The text detection model may be any model with a text detection function, such as a DBnet text detection model.

In this embodiment, a manner of preprocessing the second type image data to obtain the second image data set is similar to a manner of preprocessing the first type image data to obtain the first image data set, and is not described herein again.

S102, a pre-constructed dictionary is obtained, and the dictionary is utilized to split the first image data set to obtain a first training set and a first testing set.

In this embodiment, the characters appearing in the dictionary may include chinese characters, english characters, symbols, and the like that are used in daily life, and the characters that can be recognized by the subsequent models are characters in the dictionary.

For example: the dictionary may be a 6000 word dictionary.

In this embodiment, the splitting the first image data set by using the dictionary to obtain a first training set and a first test set includes:

acquiring each character in the dictionary;

detecting a line text containing each character in the first image data set to obtain line text characteristics corresponding to each character;

extracting a first preset number of line text features from the line text features corresponding to each character to construct the first test set;

constructing the first training set using the remaining data in the first image dataset other than the first test set.

Wherein the first predetermined number may be configured by a user, such as 50.

For example: when the first image data set comprises 800 ten thousand lines of text features, respectively extracting 50 lines of text features containing the character from the 800 ten thousand lines of text features, constructing the first test set by using the extracted line text features, and constructing the first training set by using the rest lines of text features in the 800 ten thousand lines of text features.

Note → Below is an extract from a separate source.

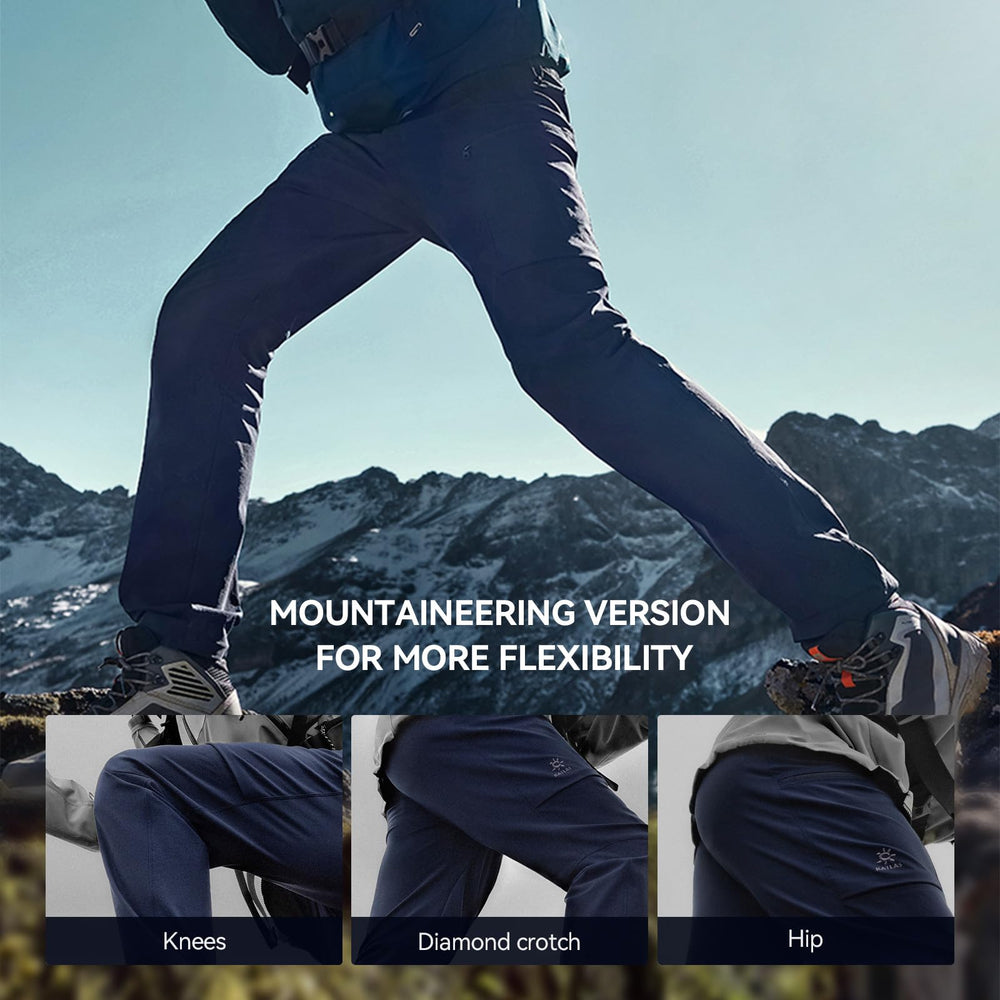 KAILAS softshell hiking pants stitching detail reinforces durability for daily wear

S103, splitting the second image data set according to a configuration proportion to obtain a second training set and a second testing set.

Wherein, the configuration proportion can be configured in a self-defining way, such as 3: 7.

For example: when the configuration ratio is 3:7, the data in the second image data set may be randomly split according to 3:7, where 30% of the data is used as the second test set and 70% of the data is used as the second training set.

And S104, detecting the high-frequency words and the low-frequency words in the first training set.

It should be noted that, because the amount of data in the first training set is large, in order to compress the amount of data and reduce the time consumption of model training, the training data may also be compressed according to the word frequency, so as to implement the compression training of the model.

Therefore, the high frequency words and the low frequency words in the first training set need to be detected first.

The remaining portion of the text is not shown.